Forgive me if this is a rehash, I am a newbie here. What are your thoughts and/or experience with this combination? Saw it hyped up pretty good in a gun mag I believe it was. Do you think the .327 is a keeper round? I remember the hubbub over the .357 Sig, (won't ever last, an answer to a problem that doesn't exist...etc.) We all know how that came out as that cartridge has indeed caught on. I actually got myself a Sig 239 chambered in that round and it ran like a sewing machine. Anyway, this is revolver country so back on point.
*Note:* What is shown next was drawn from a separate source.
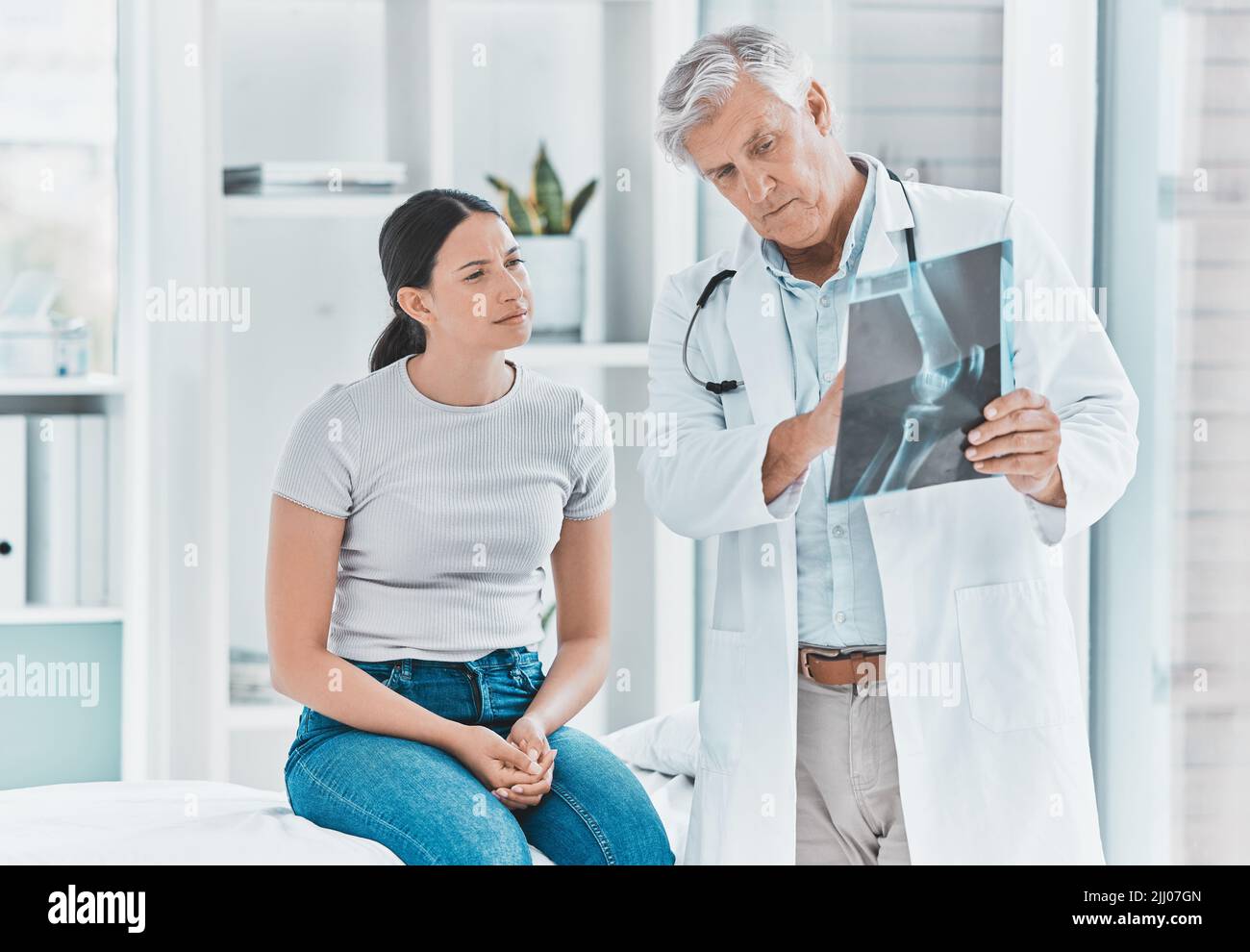 Hai fatto tre pause: Un medico e il suo paziente rivedono insieme i raggi X. Foto Stock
If this thread is already out there send me the link ok?
Regards, Eli


----------



## Bisley (Aug 24, 2008)

The only person I know who bought one, likes it. 

While I am in basic agreement with those who say there was no need for it, because the .357 magnum can be loaded with anything from light .38 Specials to super-hot hunting rounds, I also think there might be a niche for it, in a snub-nosed personal defense revolver. You could carry six SD rounds, without giving up much in likely effectiveness to the .357, and probably very much better than the .38 Special with +P ammo.
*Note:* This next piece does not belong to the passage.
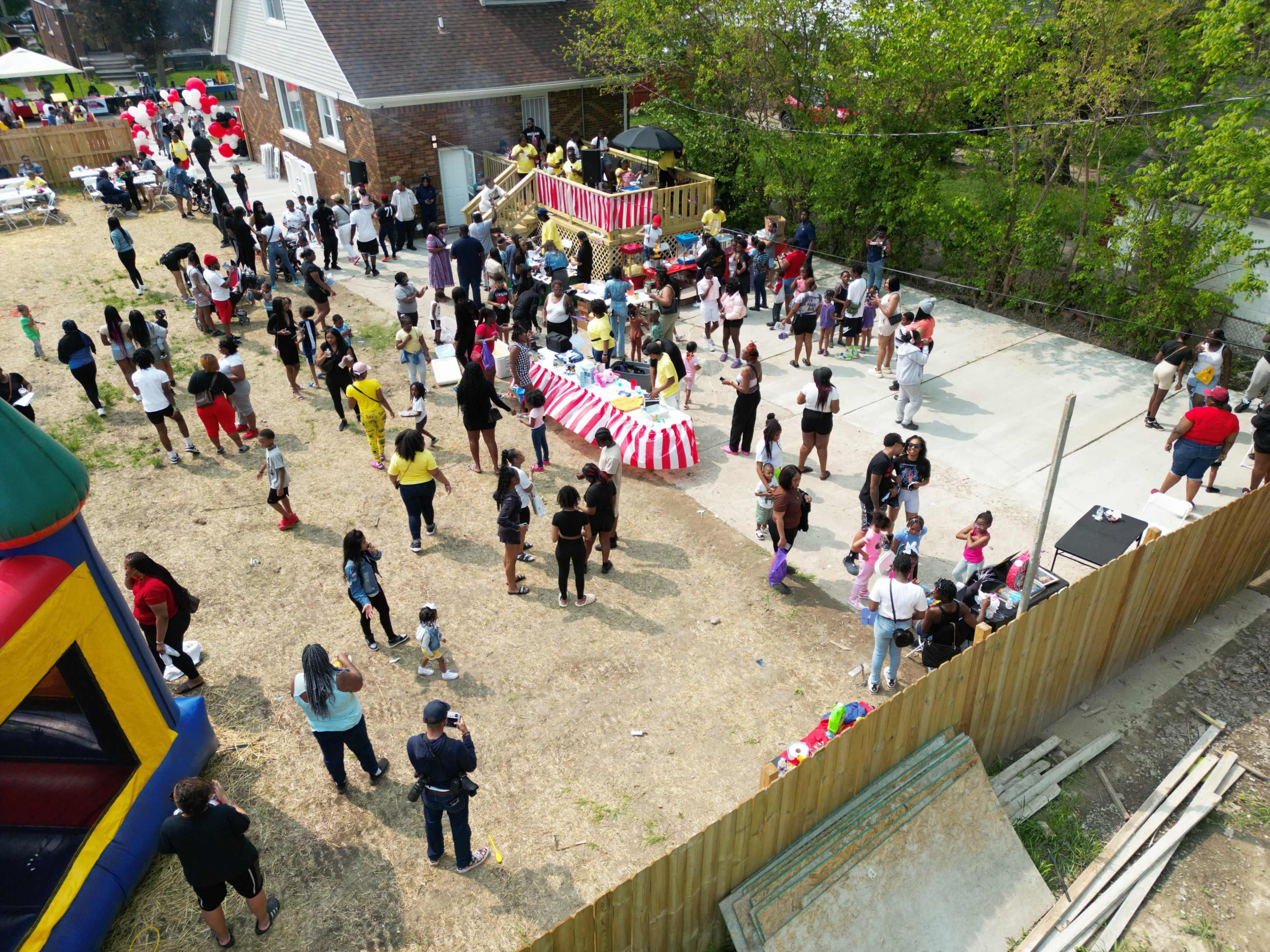 A large group of people gathers in a backyard with a bounce house, tables with food, and festive decorations.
My main concern would be the noise, and ammo expense. The .327 magnum is basically the same thing as the old .32-20 rifle cartridge, and my experience with shooting fairly hot rifle rounds through a pistol is that they have an ear-piercing discharge, as opposed to just the big boom from a large caliber handgun. 
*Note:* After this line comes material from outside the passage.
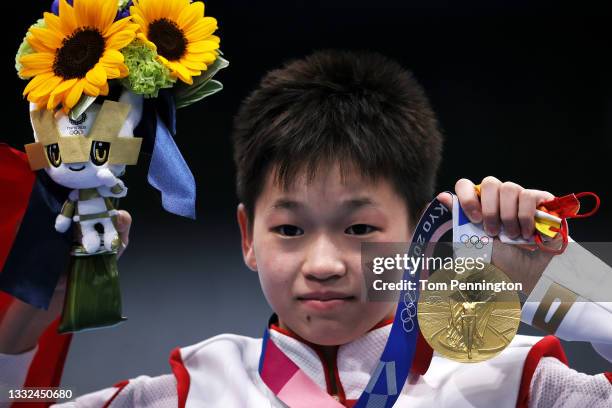 Gold medalist Hongchan Quan of Team China celebrates during the medal ceremony for the Women's 10m Platform Final on day thirteen of the Tokyo 2020...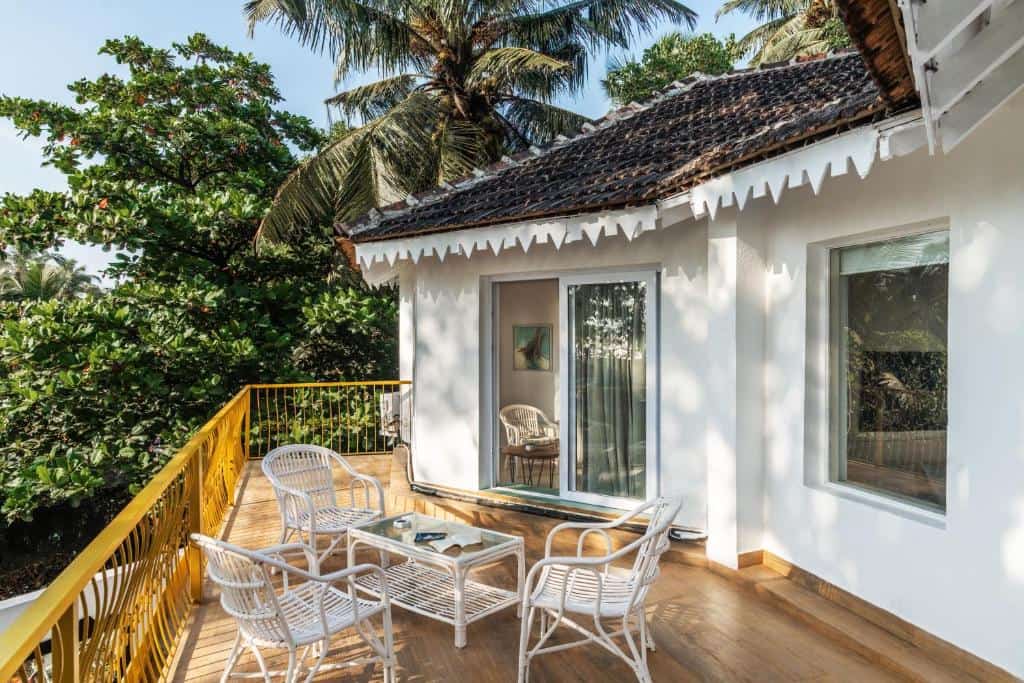 Villa balcony with outdoor seating, sliding glass doors, white wicker furniture, and tropical trees surrounding the property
Also, whereas you can find cheap .38 ammo to practice with, none of the .32 caliber ammo that can be fired through the .327 magnum is cheap.


----------



## DanP_from_AZ (May 8, 2009)

EliWolfe said:


> Forgive me if this is a rehash, I am a newbie here. What are your thoughts and/or experience with this combination? Saw it hyped up pretty good in a gun mag I believe it was. Do you think the .327 is a keeper round? . . .


Hi Eli !
I have no experience or expertise with the .327.

Last year when I updated my CCW with an instructor I REALLY trust, I asked him about the .327.

His answer was "why ?"
"It makes no real sense other than marketing hype". "Go ahead and get one if you want".
"It's the answer to the question no one asked". "So, I'll ask".
"What is wrong with .38 Special ?" "What is wrong with .357 Magnum ?"

So I replied, uh no, I think I get what you are driving at. 
I bought a S&W 642 snubby (.38 Special) and put CT laser grips on it.
I've put several hundred rounds through it.
Anybody checked on the price/availability of .327 Federal ammo lately ? :smt1099


----------



## EliWolfe (Nov 20, 2010)

DanP_from_AZ said:


> Hi Eli !
> 
> Anybody checked on the price/availability of .327 Federal ammo lately ? :smt1099


Roger that! The cartridge will probably be around since Ruger, Federal, and even [email protected] have mucho bucks in the thing and they will be spreading the hype. The big deal is supposed to be same power as a .357 with less recoil. But your buddy (and you) are right.
.38+P or .357 loads are everywhere!
Eli


----------